Brief |
Copy exactly the stretch of lines from the one holding "Drought Conditions Worsen" through the last line of the data below, inclusive. Leave out pictures.

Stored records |
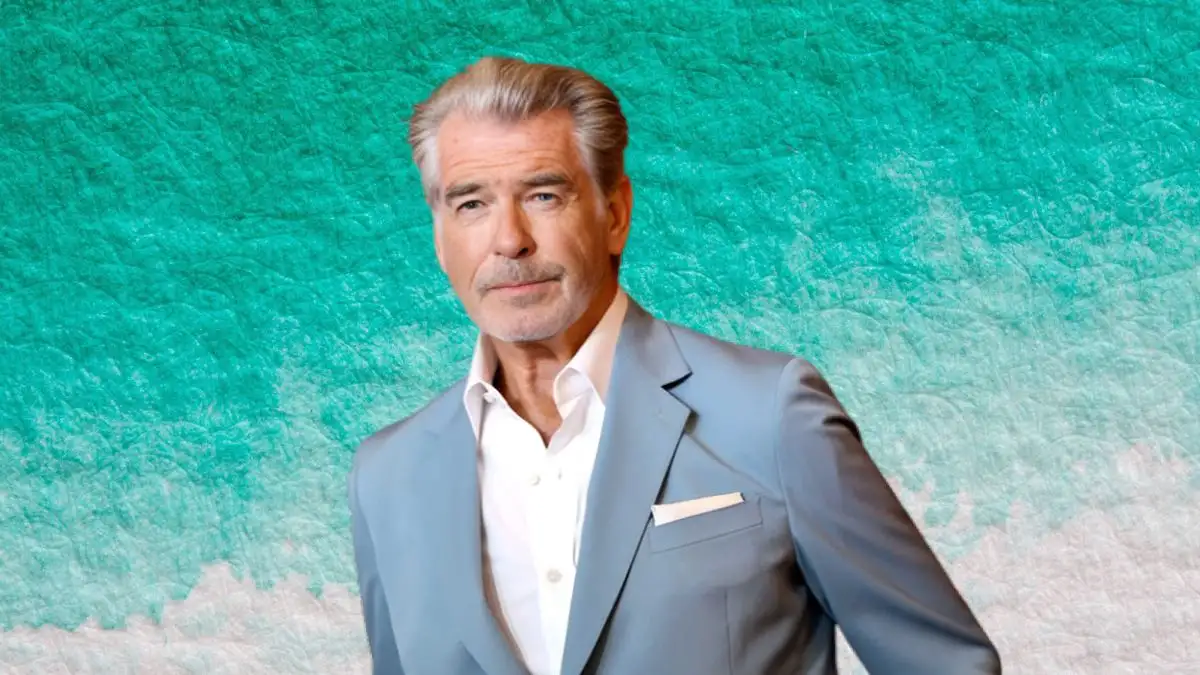 Pierce Brosnan Ethnicity, What is Pierce Brosnan’s Ethnicity?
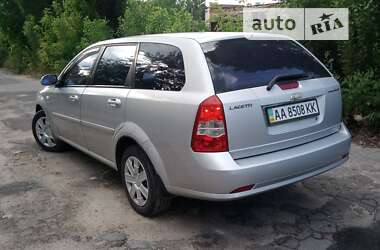 Универсал Chevrolet Lacetti 2007 в Кобеляках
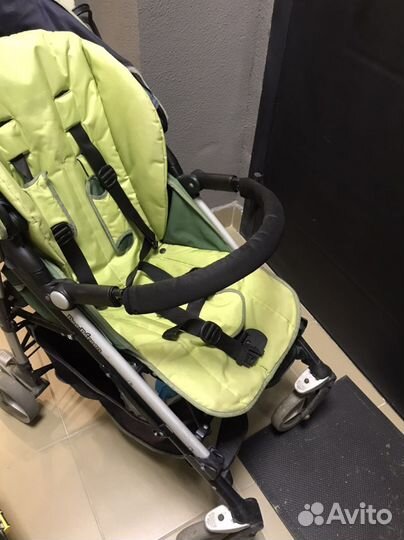 Коляска трость peg perego si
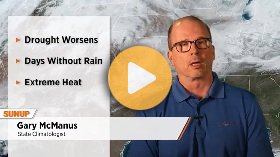 Drought Conditions Worsen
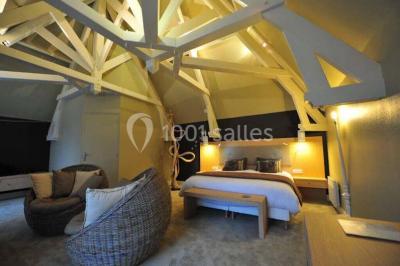 Location salle Chasseneuil-du-Poitou (Vienne) - Château Du Clos De La Ribaudière #24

Answer below |
 Drought Conditions Worsen
 Location salle Chasseneuil-du-Poitou (Vienne) - Château Du Clos De La Ribaudière #24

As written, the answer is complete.